June 09, 2017 at 02:03 PM
8 minute read
In case readers haven't noticed, the U.S. Supreme Court has been busy issuing recent rulings that can affect litigation practice. In my column last month, the Court's pronouncement on sanctions for discovery misconduct was discussed. Since then the nation's high court has: (1) issued a significant decision on May 30 rejecting general jurisdiction over a defendant in a state where that defendant was neither incorporated nor headquartered (BNSF R. Co. v. Tyrrell, 2017 U.S. LEXIS 3395); (2) held on May 22 that service of process of a foreign defendant by mail is permitted by the terms of the Hague Service Convention, provided the foreign country has not objected to such service by mail (Water Splash v. Menon, 2017 U.S. LEXIS 3212); and (3) ruled on May 15 that a nursing home's arbitration agreement had to be enforced as preempting tort claims for injuries filed in Kentucky courts (Kindred Nursing Centers L.P. v. Clark, 2017 U.S. LEXIS 2948).
Because this article discusses three decisions of broad sweep and space here is limited, our focus is on the pith and substance of each ruling and its likely impact for the practitioner, rather than describing the thicket of facts and circumstances considered by the courts below in each case. If a particular topic resonates with the reader, he or she can take it from there as far as the details go.
General Jurisdiction
Two separate Federal Employers' Liability Act (FELA) lawsuits for personal injuries were filed in Montana state court against BNSF, a railway company with over 2,000 miles of track in Montana and more than 2,000 workers in the state. However, neither plaintiff Robert Nelson's knee injuries nor decedent Brent Tyrrell's exposure to carcinogenic chemicals arose from or related to work performed for BNSF in Montana. Neither injured worker resided in Montana. Further, despite having about 6 percent of its total railroad track and less than 5 percent of its total workers in Montana, BNSF was not incorporated there nor had its principal place of business there. It was a Delaware corporation headquartered in Texas. BNSF operates railroad lines in 28 states.
BNSF moved to dismiss both lawsuits on jurisdictional grounds. It contended that it was not “at home” in Montana, as required for the exercise of general personal jurisdiction under Daimler AG v.

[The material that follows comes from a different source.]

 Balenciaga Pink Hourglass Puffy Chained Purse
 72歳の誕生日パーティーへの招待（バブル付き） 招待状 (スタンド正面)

Bauman, 571 U.S. ___ (2014), the U.S. Supreme Court's pivotal decision. The lower courts dismissed Nelson's case but denied the motion in Tyrrell's. The Montana Supreme Court consolidated the two cases and held that Montana courts could exercise general personal jurisdiction over BNSF. The state court advanced two reasons: The FELA authorized state courts to exercise personal jurisdiction over railroads “doing business” in the state and, further, Montana law authorizes exercise of general jurisdiction over “[a]ll persons found within” the state.